> [WORKING DATA]
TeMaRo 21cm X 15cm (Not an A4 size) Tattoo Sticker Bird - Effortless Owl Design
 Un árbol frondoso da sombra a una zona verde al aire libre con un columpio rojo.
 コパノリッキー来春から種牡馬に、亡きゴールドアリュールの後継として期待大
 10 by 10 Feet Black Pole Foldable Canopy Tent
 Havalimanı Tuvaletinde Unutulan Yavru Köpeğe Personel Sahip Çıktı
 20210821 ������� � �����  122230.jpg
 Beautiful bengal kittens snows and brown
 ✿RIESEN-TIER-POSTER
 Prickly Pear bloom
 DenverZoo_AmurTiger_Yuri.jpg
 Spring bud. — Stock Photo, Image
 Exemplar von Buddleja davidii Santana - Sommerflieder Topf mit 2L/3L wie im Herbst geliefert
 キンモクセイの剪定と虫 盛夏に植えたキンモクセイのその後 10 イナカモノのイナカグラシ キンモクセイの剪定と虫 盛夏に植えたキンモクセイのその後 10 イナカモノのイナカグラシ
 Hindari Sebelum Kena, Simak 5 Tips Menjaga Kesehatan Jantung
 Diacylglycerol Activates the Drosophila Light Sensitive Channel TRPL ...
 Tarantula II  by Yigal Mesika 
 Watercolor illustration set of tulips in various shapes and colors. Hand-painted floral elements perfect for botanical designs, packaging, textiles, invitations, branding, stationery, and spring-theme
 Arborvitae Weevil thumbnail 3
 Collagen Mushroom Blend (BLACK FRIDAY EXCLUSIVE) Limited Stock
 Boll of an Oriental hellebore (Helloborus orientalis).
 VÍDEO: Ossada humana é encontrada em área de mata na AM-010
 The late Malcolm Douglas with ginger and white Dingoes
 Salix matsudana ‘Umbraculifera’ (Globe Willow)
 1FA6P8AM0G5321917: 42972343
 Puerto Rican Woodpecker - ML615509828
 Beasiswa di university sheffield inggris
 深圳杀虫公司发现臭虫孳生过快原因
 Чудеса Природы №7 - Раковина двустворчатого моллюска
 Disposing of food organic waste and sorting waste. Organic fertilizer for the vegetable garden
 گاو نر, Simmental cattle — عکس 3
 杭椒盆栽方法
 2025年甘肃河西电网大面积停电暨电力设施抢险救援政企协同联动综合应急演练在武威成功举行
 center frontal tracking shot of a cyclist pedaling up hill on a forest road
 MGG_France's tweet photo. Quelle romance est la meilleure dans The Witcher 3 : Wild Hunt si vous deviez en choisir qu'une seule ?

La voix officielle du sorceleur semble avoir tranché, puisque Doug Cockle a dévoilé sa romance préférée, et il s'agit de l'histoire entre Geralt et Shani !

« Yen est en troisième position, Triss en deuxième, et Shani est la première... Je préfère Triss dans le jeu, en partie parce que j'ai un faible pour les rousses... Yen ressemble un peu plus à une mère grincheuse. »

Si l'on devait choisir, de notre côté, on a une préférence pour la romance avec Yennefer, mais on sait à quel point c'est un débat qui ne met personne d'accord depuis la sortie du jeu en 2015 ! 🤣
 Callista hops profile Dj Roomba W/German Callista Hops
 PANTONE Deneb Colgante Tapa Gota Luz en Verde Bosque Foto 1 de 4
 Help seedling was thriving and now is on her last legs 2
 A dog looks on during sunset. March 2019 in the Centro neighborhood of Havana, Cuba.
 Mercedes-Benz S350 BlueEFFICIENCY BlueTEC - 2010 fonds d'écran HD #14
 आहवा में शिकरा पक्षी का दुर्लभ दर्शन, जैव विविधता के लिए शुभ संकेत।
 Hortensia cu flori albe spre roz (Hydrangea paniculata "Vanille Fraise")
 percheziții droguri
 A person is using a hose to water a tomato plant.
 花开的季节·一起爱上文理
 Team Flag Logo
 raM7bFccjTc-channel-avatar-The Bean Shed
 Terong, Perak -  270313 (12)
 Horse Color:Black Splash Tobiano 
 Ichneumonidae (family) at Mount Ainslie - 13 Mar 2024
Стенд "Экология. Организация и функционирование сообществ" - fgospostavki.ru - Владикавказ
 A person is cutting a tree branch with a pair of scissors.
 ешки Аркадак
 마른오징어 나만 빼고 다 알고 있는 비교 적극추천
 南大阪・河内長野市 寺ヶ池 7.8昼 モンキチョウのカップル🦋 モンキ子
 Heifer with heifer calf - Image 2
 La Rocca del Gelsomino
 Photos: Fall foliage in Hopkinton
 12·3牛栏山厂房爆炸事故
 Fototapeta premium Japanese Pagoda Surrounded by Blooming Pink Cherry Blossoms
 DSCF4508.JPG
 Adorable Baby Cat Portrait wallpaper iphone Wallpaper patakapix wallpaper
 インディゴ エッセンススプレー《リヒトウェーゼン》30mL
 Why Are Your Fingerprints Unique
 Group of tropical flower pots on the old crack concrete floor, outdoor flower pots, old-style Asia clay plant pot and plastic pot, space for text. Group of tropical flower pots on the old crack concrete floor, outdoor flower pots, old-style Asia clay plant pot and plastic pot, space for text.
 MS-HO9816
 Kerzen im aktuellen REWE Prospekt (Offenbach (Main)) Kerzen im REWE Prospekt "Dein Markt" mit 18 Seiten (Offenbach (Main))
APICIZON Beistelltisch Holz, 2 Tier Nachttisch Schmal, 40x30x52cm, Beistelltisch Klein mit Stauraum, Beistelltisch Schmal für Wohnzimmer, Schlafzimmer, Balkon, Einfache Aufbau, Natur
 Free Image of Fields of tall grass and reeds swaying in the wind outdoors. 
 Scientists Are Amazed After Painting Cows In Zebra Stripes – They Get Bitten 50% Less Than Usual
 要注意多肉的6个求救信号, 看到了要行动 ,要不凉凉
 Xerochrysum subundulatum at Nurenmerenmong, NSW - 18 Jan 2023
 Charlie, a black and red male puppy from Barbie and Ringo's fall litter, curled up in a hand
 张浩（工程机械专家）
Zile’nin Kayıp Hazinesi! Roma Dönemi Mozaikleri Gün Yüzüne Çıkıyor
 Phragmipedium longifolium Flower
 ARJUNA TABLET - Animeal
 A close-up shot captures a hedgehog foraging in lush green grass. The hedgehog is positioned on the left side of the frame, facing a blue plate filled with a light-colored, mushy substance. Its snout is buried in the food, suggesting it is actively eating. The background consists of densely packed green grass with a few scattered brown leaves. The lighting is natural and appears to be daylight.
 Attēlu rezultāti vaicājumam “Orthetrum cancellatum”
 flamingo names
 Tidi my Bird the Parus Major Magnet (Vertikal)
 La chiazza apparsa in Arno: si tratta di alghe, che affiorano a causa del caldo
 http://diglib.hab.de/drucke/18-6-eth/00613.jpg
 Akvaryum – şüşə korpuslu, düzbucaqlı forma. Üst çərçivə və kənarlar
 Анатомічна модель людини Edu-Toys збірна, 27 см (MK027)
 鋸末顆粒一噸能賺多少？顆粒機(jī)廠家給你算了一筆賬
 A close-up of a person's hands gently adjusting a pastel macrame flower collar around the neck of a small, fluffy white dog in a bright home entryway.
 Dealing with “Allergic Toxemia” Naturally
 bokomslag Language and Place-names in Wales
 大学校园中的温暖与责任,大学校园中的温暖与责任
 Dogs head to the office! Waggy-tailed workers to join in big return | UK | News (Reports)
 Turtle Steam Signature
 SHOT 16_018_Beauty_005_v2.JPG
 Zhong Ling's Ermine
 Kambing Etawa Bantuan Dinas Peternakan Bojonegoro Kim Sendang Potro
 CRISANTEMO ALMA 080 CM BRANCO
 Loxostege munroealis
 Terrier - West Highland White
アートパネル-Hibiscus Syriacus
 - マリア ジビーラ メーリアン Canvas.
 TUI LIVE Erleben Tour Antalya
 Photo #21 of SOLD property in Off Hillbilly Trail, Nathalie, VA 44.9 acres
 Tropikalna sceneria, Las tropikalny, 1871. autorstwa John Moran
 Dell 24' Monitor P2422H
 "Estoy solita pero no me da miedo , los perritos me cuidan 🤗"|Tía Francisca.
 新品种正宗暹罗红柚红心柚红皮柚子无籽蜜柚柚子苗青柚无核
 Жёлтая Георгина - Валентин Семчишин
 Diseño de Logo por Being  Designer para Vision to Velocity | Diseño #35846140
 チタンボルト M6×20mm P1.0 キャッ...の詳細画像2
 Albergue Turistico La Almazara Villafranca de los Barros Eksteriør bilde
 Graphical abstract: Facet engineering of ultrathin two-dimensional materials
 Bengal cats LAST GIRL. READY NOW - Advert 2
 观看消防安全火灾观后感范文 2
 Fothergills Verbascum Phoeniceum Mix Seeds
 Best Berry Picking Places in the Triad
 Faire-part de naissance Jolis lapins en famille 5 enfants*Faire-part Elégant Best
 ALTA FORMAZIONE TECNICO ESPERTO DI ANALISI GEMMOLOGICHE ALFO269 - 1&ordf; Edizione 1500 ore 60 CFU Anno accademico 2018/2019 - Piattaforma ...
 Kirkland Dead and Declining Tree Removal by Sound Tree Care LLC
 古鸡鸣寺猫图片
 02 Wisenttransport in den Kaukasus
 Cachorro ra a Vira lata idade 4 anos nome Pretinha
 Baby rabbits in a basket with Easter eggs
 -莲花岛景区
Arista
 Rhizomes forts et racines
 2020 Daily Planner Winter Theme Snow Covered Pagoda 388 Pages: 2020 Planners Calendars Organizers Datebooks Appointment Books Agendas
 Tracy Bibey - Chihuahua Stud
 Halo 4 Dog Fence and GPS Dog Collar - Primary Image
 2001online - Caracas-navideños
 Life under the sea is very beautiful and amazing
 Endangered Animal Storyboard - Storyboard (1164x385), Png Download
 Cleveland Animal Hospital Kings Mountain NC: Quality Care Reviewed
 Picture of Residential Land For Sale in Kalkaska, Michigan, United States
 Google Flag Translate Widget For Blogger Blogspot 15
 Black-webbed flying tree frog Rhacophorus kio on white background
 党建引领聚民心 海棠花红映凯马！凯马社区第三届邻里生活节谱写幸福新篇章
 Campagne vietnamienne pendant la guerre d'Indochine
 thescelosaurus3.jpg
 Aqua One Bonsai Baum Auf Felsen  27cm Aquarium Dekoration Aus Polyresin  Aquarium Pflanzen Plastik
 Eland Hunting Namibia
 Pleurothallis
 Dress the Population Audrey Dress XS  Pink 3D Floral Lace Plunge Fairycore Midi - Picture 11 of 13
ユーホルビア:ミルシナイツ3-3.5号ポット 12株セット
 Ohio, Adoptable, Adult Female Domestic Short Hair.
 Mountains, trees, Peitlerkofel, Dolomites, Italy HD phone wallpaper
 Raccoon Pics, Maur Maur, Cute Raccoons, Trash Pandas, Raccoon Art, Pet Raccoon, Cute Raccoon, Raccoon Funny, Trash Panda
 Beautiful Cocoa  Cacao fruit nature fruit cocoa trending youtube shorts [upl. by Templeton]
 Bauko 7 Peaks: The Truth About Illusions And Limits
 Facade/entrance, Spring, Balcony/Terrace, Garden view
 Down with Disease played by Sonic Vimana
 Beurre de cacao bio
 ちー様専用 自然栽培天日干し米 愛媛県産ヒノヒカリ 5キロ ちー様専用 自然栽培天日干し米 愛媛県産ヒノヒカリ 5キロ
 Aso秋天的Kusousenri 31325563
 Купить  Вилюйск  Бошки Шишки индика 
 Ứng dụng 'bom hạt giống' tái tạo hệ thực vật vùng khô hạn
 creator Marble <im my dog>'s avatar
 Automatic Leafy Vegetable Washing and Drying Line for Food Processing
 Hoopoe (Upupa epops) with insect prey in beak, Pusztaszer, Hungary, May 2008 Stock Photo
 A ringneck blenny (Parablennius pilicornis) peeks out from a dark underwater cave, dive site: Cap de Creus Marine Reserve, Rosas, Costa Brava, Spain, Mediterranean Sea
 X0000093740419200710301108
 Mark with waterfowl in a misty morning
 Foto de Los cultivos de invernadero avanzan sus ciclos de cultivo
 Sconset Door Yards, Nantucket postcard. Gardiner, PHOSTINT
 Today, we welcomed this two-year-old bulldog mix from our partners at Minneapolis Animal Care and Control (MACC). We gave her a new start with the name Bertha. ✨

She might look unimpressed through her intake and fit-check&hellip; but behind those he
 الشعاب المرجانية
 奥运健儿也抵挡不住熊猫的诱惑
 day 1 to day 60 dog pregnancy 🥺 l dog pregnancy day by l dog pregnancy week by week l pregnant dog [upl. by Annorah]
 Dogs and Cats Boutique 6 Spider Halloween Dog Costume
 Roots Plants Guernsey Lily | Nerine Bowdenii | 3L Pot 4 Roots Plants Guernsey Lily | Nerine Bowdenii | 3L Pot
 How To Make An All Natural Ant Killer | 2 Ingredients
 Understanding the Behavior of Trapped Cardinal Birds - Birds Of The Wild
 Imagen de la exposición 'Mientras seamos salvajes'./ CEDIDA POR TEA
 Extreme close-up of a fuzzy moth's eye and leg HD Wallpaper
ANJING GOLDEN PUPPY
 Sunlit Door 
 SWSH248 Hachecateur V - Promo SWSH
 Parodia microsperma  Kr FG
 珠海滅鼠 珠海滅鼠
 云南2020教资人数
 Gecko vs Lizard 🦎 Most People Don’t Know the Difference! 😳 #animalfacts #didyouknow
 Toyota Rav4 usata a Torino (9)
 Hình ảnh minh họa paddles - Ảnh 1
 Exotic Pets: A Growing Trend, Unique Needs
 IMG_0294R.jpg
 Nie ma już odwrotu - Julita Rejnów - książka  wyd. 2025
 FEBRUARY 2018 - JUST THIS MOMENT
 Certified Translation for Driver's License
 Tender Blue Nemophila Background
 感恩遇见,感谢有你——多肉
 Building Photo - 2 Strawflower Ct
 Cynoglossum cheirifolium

> [WHAT IS REQUIRED]
Give back only the lines from the one containing "IMG_0294R.jpg" through the final line of the entries above, exactly as written, both included.

> [RESULT FOR THIS TASK]
 IMG_0294R.jpg
 Nie ma już odwrotu - Julita Rejnów - książka  wyd. 2025
 FEBRUARY 2018 - JUST THIS MOMENT
 Certified Translation for Driver's License
 Tender Blue Nemophila Background
 感恩遇见,感谢有你——多肉
 Building Photo - 2 Strawflower Ct
 Cynoglossum cheirifolium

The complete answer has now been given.